During the main harvesting season, in mid-July, their livestream feed can generate as many as 5,000 orders in a single day at an average of 60 yuan per transaction, with more demand for the botanical berry than can be met with the limited but bounteous local supply.

“Before when there was no e-commerce, fresh grapes could only be dried and turned into raisins since there was no way to store them, but now with platforms to sell fresh produce the grapes can be purchased directly, fetching a much higher sales price and significantly boosting the incomes of local farmers.”

Livestreamed broadcasts have emerged in a big way to become an important engine driving renewed growth in Xinjiang’s e-commerce industry. In 2020, sales on livestream e-commerce channels in Xinjiang topped 1.21 billion yuan, with well over 175 million visits from people participating in a total of 16,393 livestreamed broadcasts.

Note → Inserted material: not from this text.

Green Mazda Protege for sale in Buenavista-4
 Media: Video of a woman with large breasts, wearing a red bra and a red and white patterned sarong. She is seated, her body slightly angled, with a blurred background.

Ablimit, a Turpan native, became an online influencer after first taking part in livestreaming sessions several years ago, having now built up a fan base of 360,000 followers on her social media account. Her parents, taking up work as local grape growers, tend to more than 20 mu (1.33 hectares) of grapevines, and now solely rely on their tech-savvy daughter to market and sell their prized fruit of the vine to eager buyers far and wide.

Her colleague Weli, also born and raised locally, shares a similar experience as a livestream influencer, and relishes in the opportunity to relay stories about Turpan while sharing its best and most distinctive features to her 920,000-strong fan base online: “I’m so excited to serve as an ambassador and broadcast my hometown to our audience.” Livestreaming tripled her household’s annual income and now she is able to support her single mother who has since retired from the painstaking work of cultivating their family’s 4 mu (0.26 hectares) plot of grapevines.

When asked about her future plans, her face lit up with an expectant glance towards the distant horizon: “I hope to make more friends from all corners of the country,” she said. “I still haven’t travelled outside Xinjiang, so my biggest dream is to go out and have a look at other’s own regional specialties.”